2012 Nepali novel by Subin Bhattarai

Summer Love is a Nepali novel by Subin Bhattarai published by Fine Print in 2012.

Bhattarai's second book and first novel, the plot concerns college students at the Central Department of Environmental Science (CDES) at Tribhuvan University falling in love. It was a best selling book in Nepal with in excess of 20,000 copies sold, and one of the best-selling books in the country for the year. Saaya is the sequel Summer Love Novel. Summer Love is now available in English. Pratima Sharma translated the book from Nepali to English.

A sequel titled Saaya was released in September 2014.

==Plot==
Writer is on a cruise ship where he meets another Nepali person, Atit. As writer introduces himself, Atit asks the writer if he is willing to write Atit's love story. Reluctantly, the writer agrees to listen to his story.

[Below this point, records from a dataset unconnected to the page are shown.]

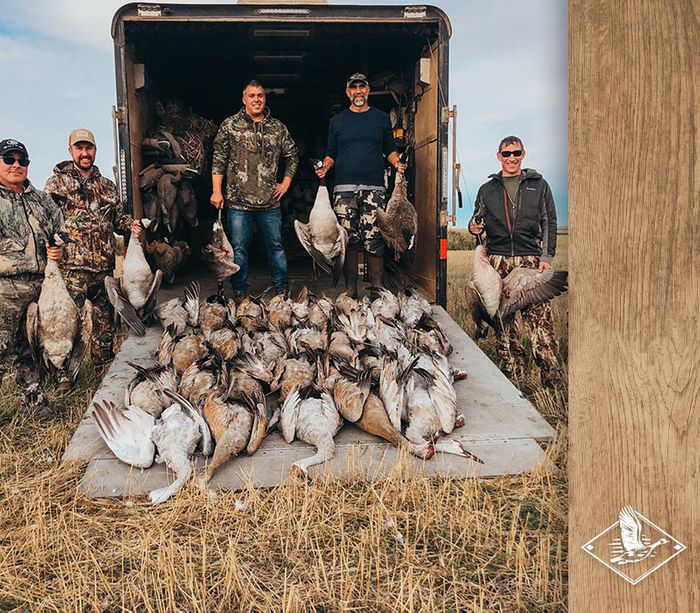 5 hunters with their bounty of waterfowl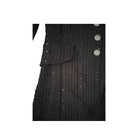 Close-up of a black textured garment with buttons on a white background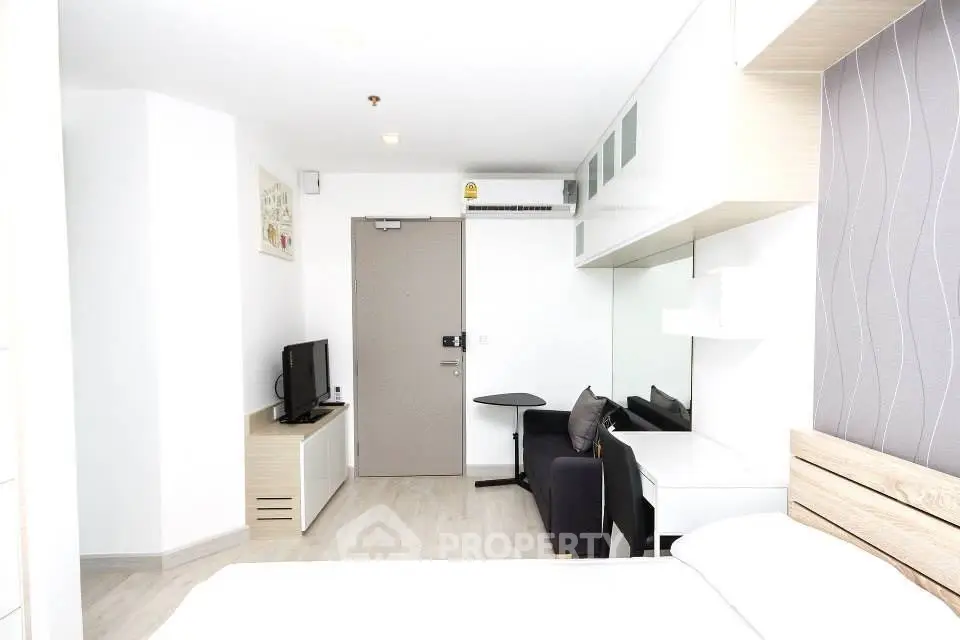 Modern studio apartment with sleek design and ample natural light, featuring a cozy living area and stylish furnishings.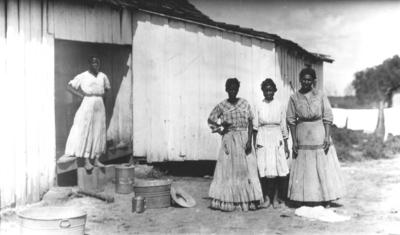 Four unidentified African-American women in front of a house or shed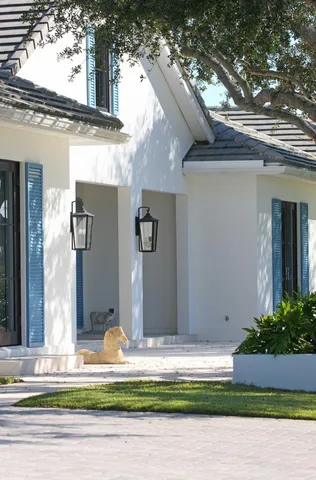 a view of a house with a yard garage and tree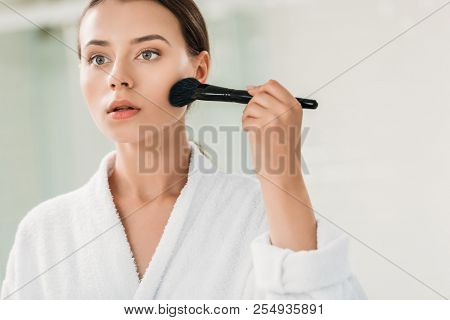 Beautiful Girl In Bathrobe Applying Bronzer With Brush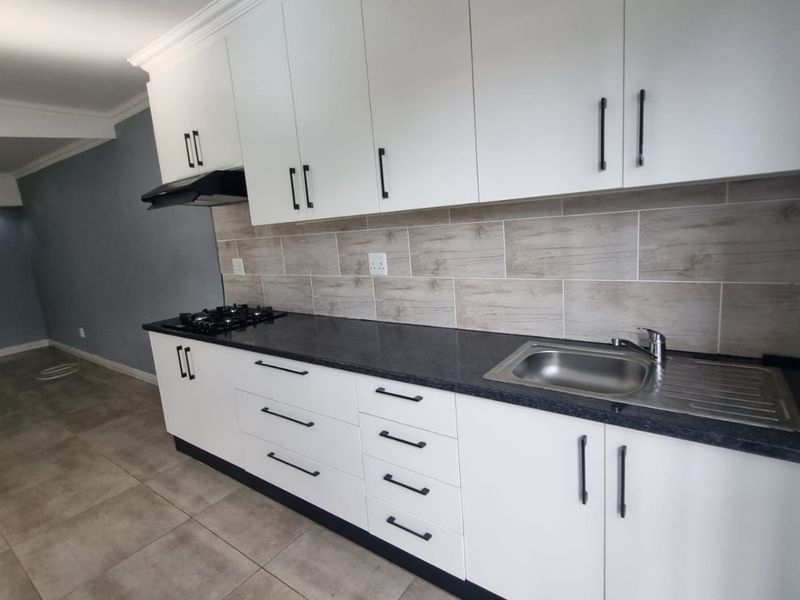 Modern kitchen featuring white cabinetry, dark granite countertops, a gas hob with extractor fan, and neutral tiled backsplash and flooring.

Atit is curious to find out the entrance topper Saaya, who also has the same way back to home as Atit has. As days pass, Atit and Saaya become good friends and eventually, Atit proposes to Saaya. Saaya accepts the proposal. But the same day, both are them are divided into two different lab groups. One group has lab work in morning while other in afternoon. Now they have to come and leave college separately. After the division, Atit and Saaya start to bunk classes. Meanwhile Atit secures second spot after First Semester as Saaya helped him during exams. After finishing MSc, Atit has to go to Dhangadi as he secured a job in a NGO meanwhile Saaya; Norway, to pursue higher degree of education. One month later, Saaya returns to Nepal through Delhi and they marry. After some months, Atit goes to meet Saaya's parents to talk about their marriage but Saaya's parents decline as Atit is from Bramhin class and they are Newars. Saaya starts to move on while Atit falls in depression. With the help of Sushmita, his office's receptionist and neighbour, Atit does not commit suicide but they eventually have physical relation. Atit starts a search for Saaya and goes to Norway. In Norway, he meets Saaya and tells about the intimate relation he had with Sushmita.

In the end, writer shows interest in meeting Saaya and learning her side of the story. Atit gives Saaya's address but writer is unable to meet Saaya as she had gone to Kathmandu to write a thesis.